— What needs to be done —
The copy should hold only the line containing "So this was" and the lines after it through the end of the material, each exact, with no pictures.

╭──

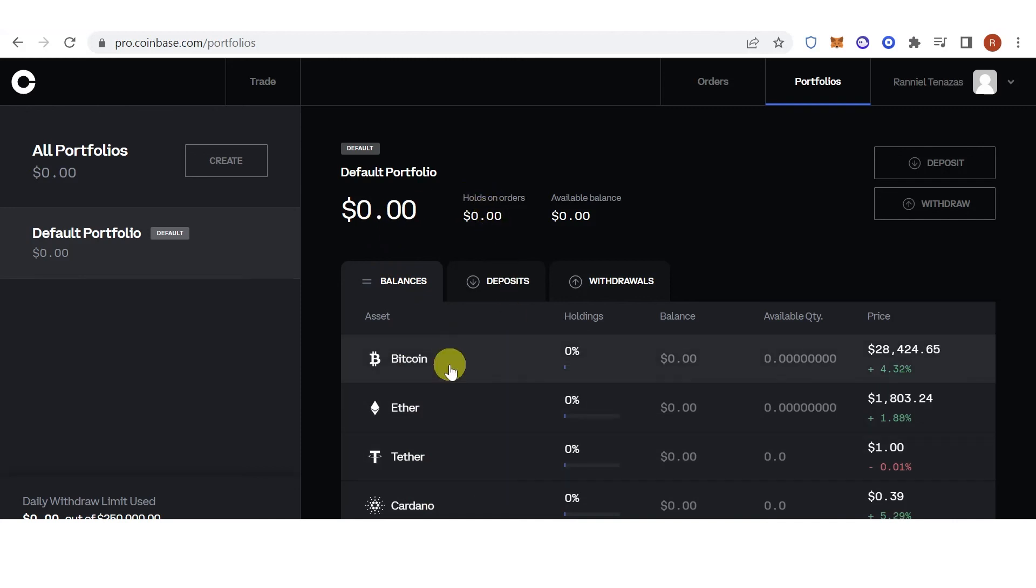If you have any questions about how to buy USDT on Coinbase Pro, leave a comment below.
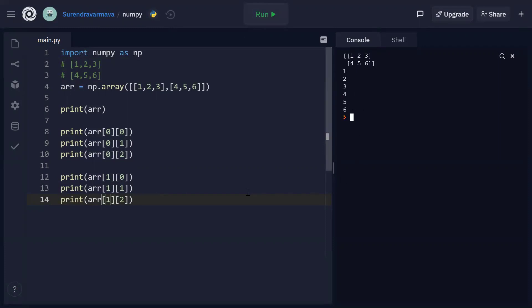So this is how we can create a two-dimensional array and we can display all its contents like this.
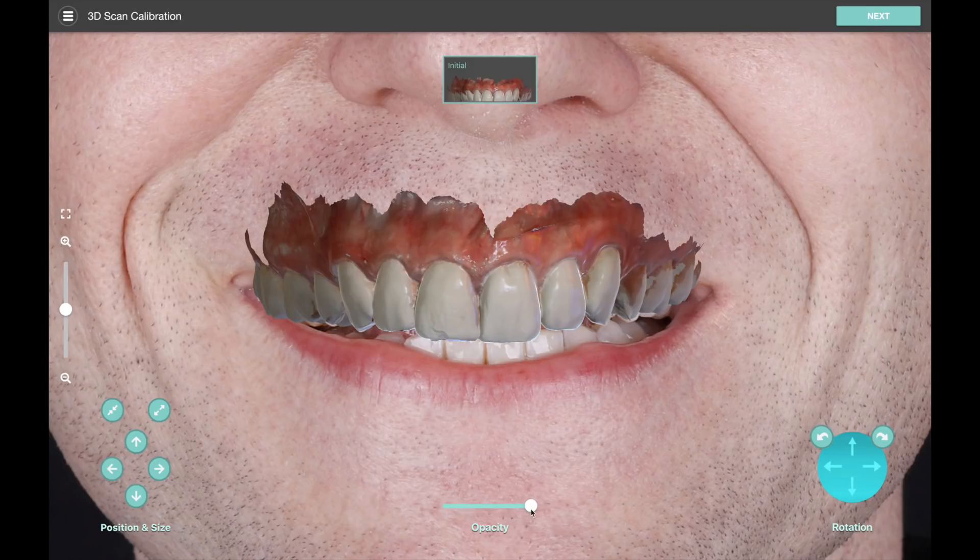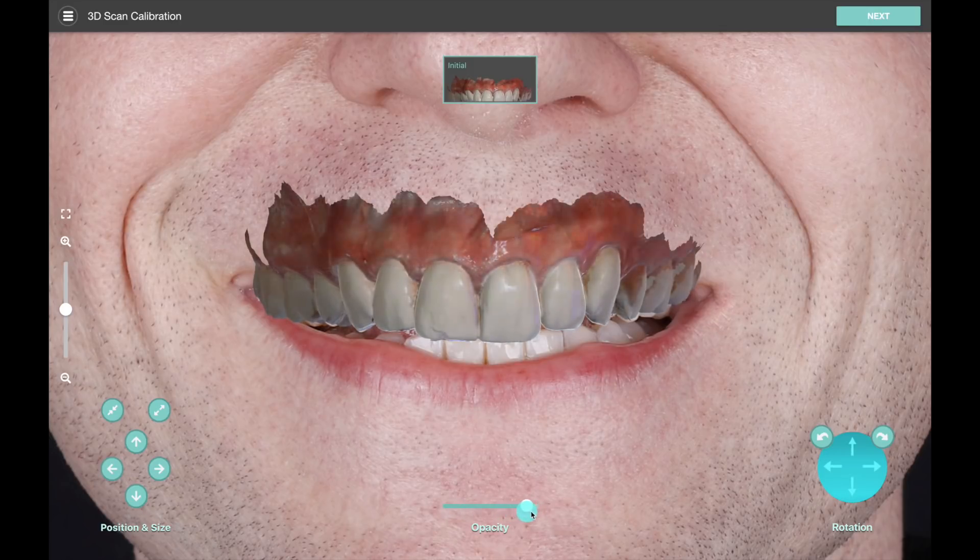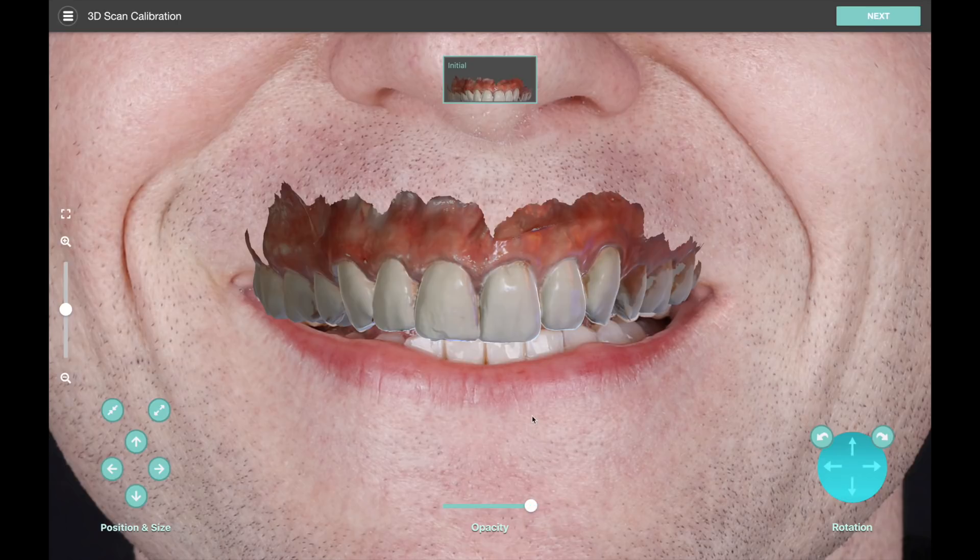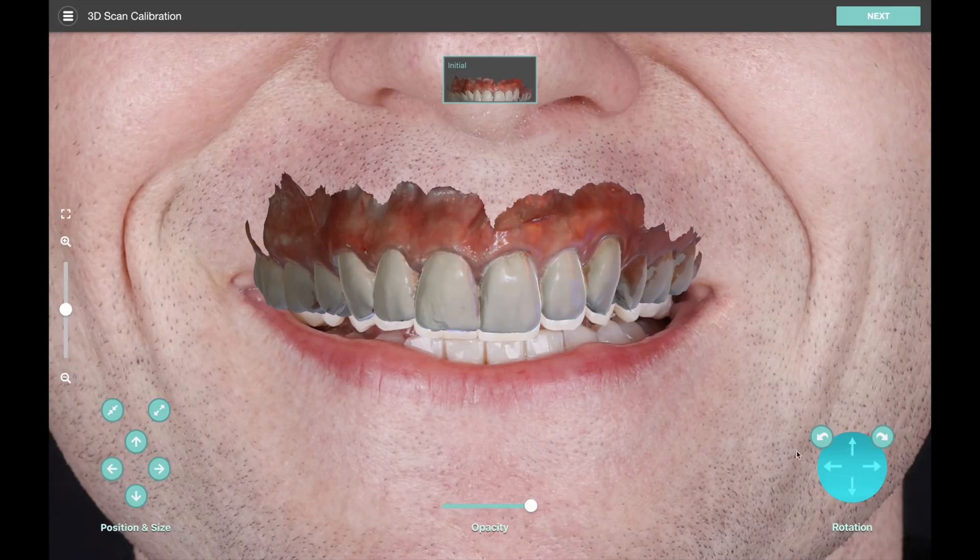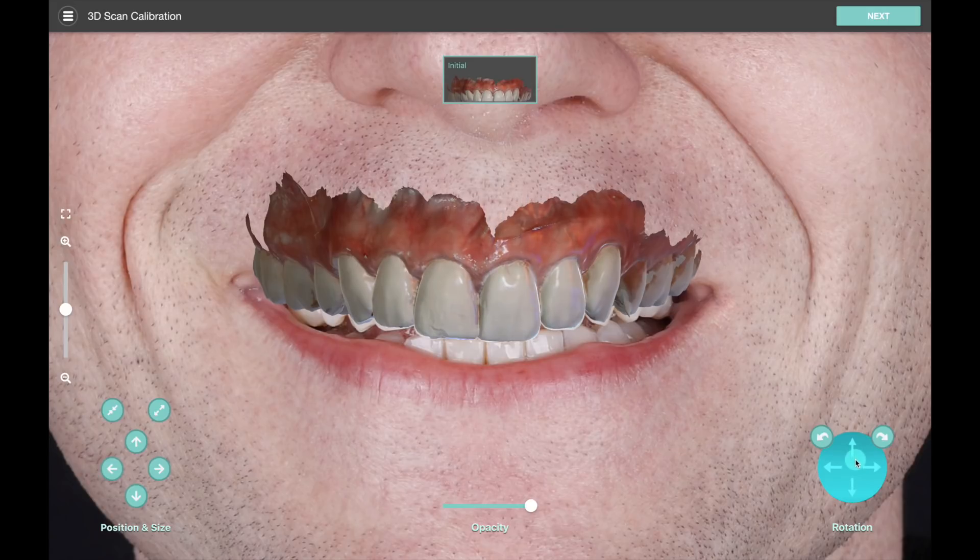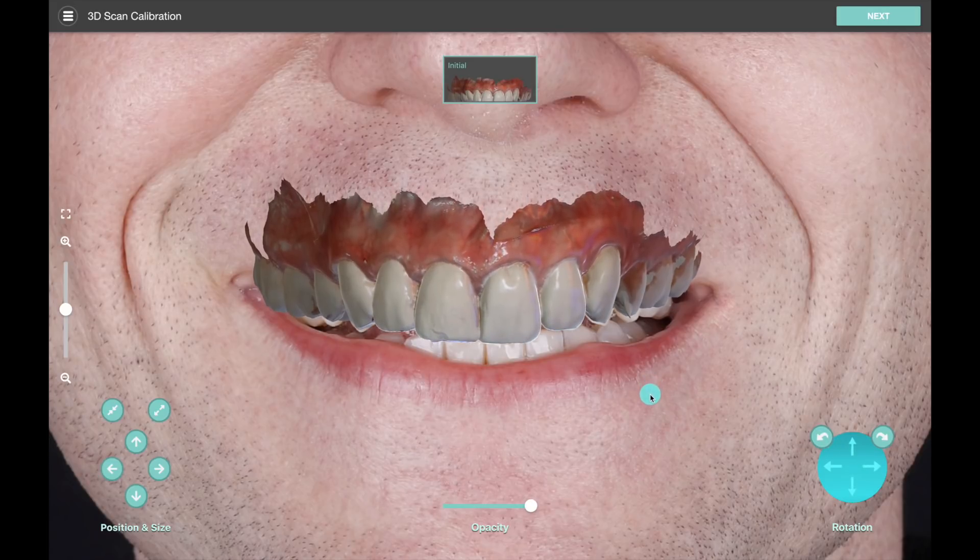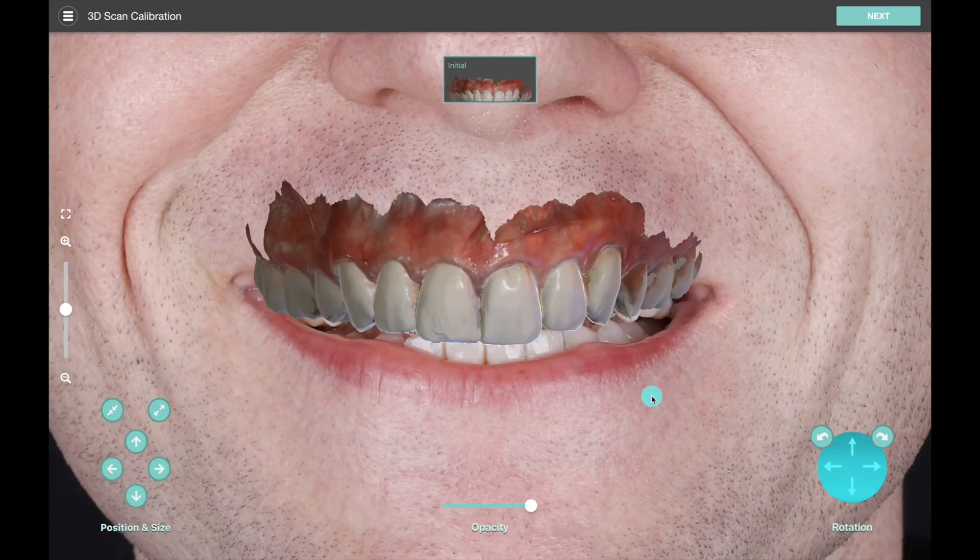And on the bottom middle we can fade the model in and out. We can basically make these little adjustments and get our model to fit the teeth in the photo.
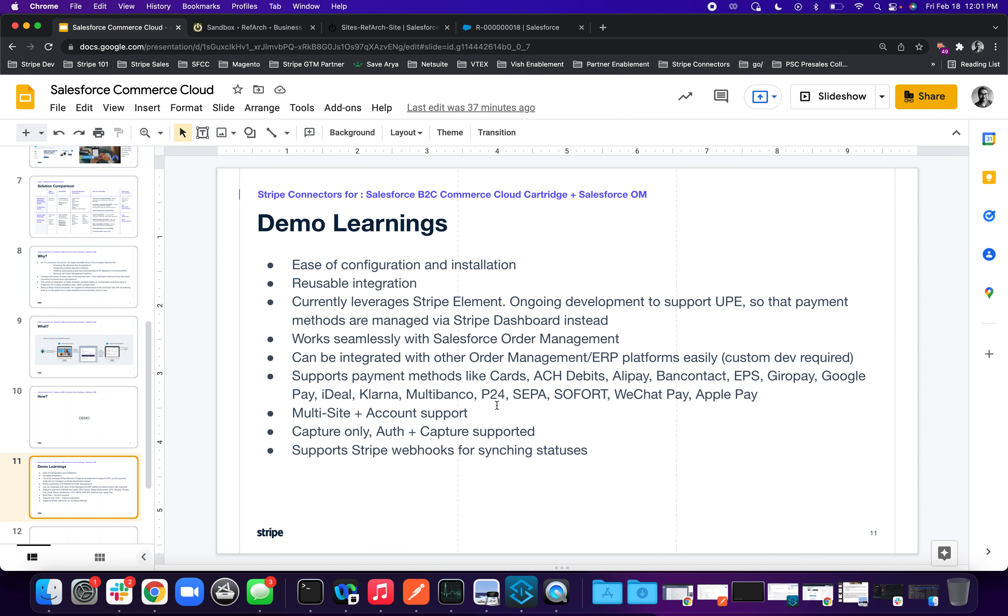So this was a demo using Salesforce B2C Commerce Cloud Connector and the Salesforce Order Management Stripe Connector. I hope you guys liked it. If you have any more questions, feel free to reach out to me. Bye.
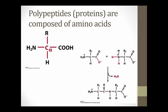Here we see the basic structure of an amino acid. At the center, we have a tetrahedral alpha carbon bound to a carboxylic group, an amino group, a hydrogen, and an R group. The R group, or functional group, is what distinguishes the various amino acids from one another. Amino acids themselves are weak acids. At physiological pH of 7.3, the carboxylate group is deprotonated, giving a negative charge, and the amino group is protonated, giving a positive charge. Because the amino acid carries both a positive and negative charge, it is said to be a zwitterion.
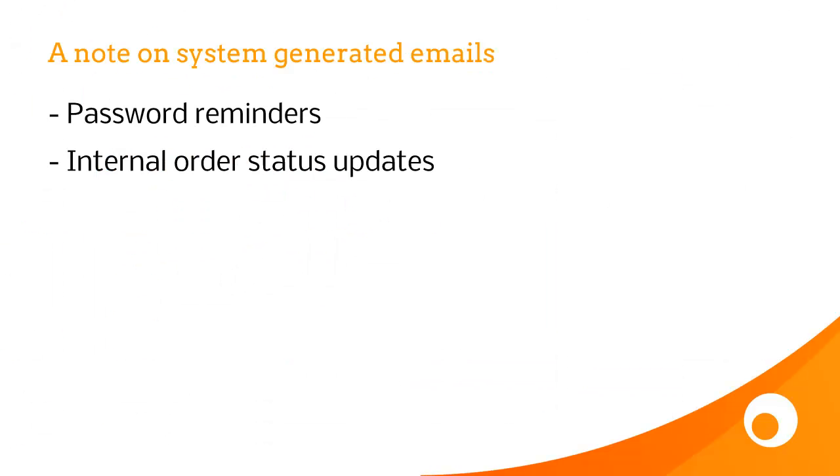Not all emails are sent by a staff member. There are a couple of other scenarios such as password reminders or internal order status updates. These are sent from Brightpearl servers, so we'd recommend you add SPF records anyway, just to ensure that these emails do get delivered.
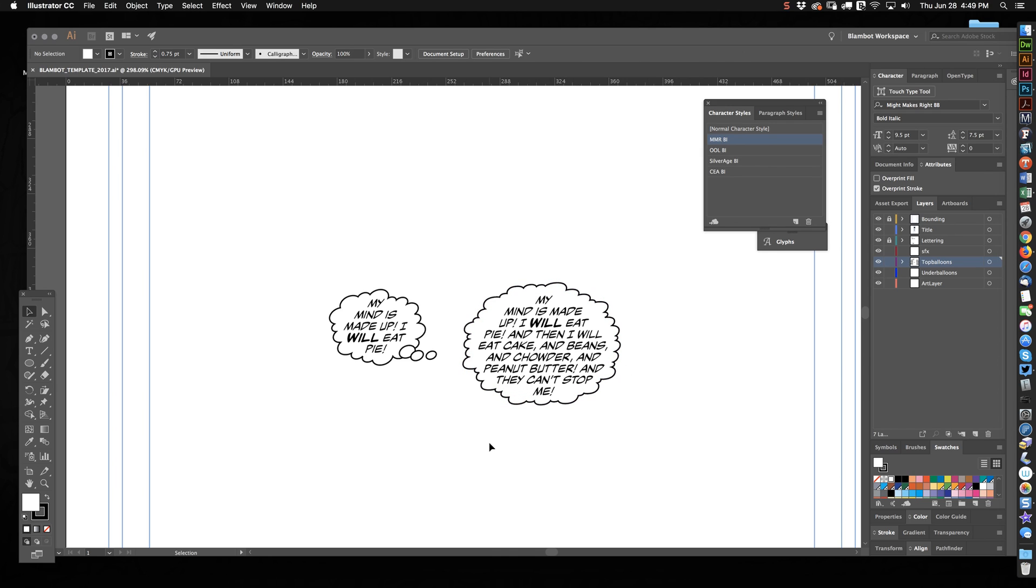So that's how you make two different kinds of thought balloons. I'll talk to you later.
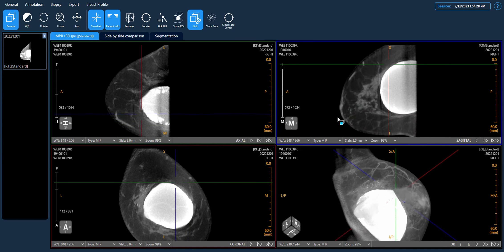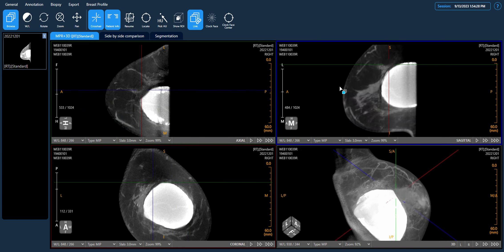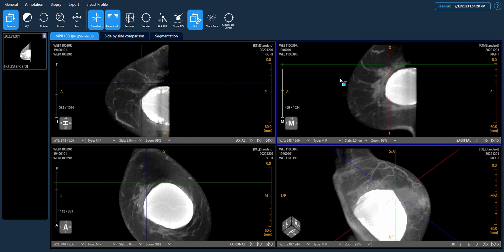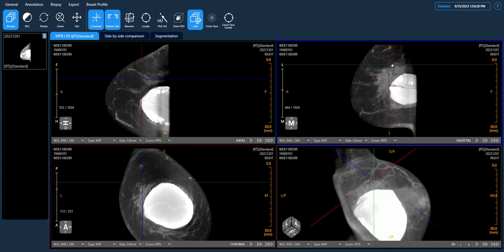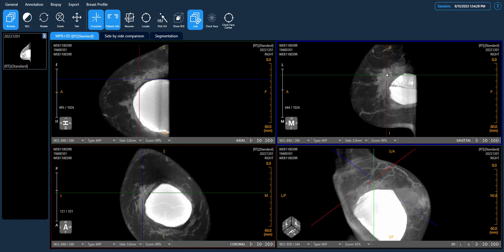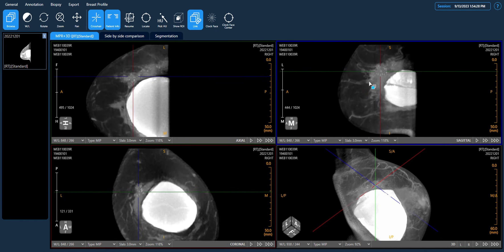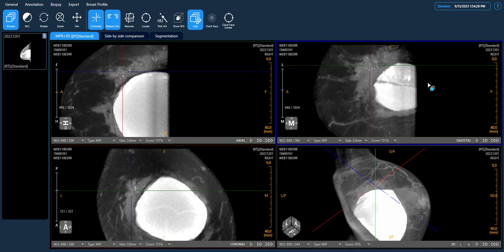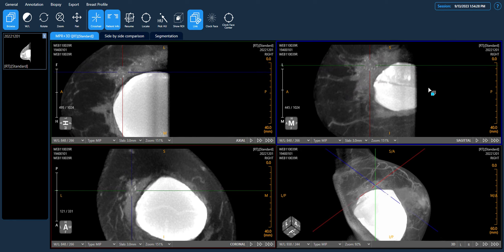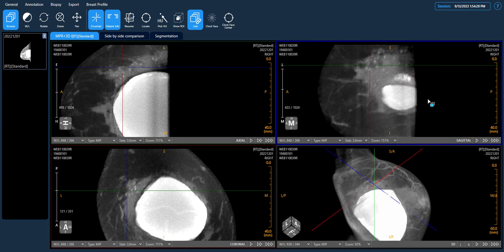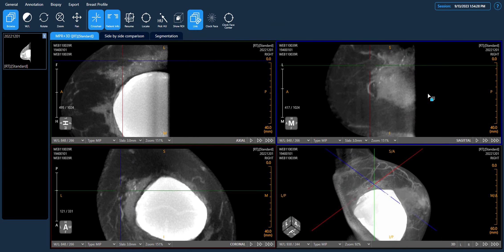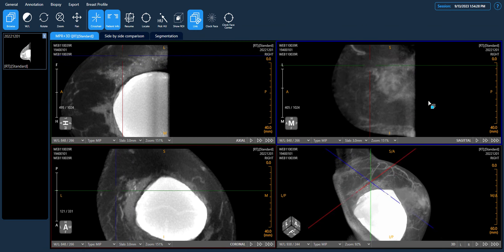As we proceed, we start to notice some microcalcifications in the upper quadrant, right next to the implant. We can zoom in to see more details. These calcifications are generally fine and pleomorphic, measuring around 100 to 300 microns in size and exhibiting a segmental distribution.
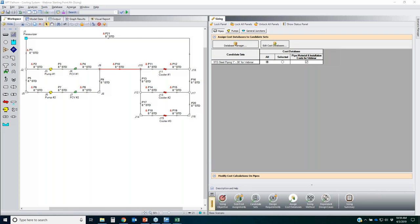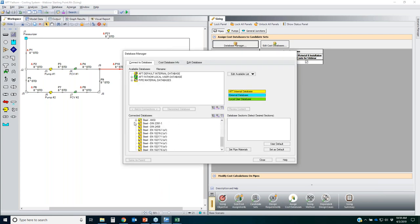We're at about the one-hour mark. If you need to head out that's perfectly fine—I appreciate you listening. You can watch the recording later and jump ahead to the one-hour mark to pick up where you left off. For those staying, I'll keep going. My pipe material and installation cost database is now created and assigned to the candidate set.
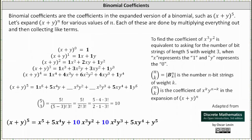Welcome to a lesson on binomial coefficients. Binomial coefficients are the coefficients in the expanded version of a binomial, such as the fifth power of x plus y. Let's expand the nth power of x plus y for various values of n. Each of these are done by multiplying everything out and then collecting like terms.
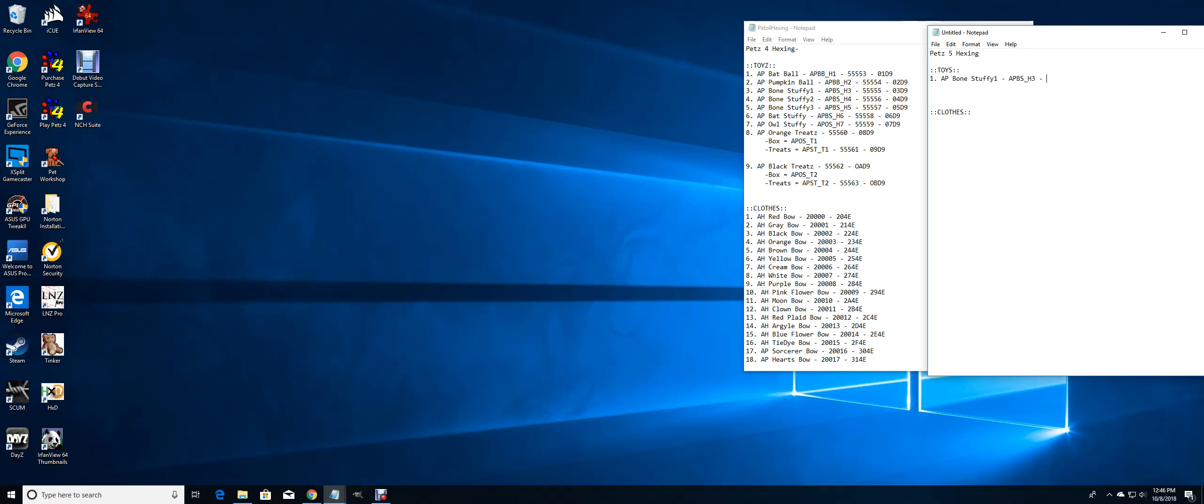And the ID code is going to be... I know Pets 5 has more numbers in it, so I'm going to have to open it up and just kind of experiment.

╰──

— Finished task —
So this was a demo using Salesforce B2C Commerce Cloud Connector and the Salesforce Order Management Stripe Connector. I hope you guys liked it. If you have any more questions, feel free to reach out to me. Bye.
Here we see the basic structure of an amino acid. At the center, we have a tetrahedral alpha carbon bound to a carboxylic group, an amino group, a hydrogen, and an R group. The R group, or functional group, is what distinguishes the various amino acids from one another. Amino acids themselves are weak acids. At physiological pH of 7.3, the carboxylate group is deprotonated, giving a negative charge, and the amino group is protonated, giving a positive charge. Because the amino acid carries both a positive and negative charge, it is said to be a zwitterion.
Not all emails are sent by a staff member. There are a couple of other scenarios such as password reminders or internal order status updates. These are sent from Brightpearl servers, so we'd recommend you add SPF records anyway, just to ensure that these emails do get delivered.
So that's how you make two different kinds of thought balloons. I'll talk to you later.
As we proceed, we start to notice some microcalcifications in the upper quadrant, right next to the implant. We can zoom in to see more details. These calcifications are generally fine and pleomorphic, measuring around 100 to 300 microns in size and exhibiting a segmental distribution.
We're at about the one-hour mark. If you need to head out that's perfectly fine—I appreciate you listening. You can watch the recording later and jump ahead to the one-hour mark to pick up where you left off. For those staying, I'll keep going. My pipe material and installation cost database is now created and assigned to the candidate set.
Welcome to a lesson on binomial coefficients. Binomial coefficients are the coefficients in the expanded version of a binomial, such as the fifth power of x plus y. Let's expand the nth power of x plus y for various values of n. Each of these are done by multiplying everything out and then collecting like terms.
And the ID code is going to be... I know Pets 5 has more numbers in it, so I'm going to have to open it up and just kind of experiment.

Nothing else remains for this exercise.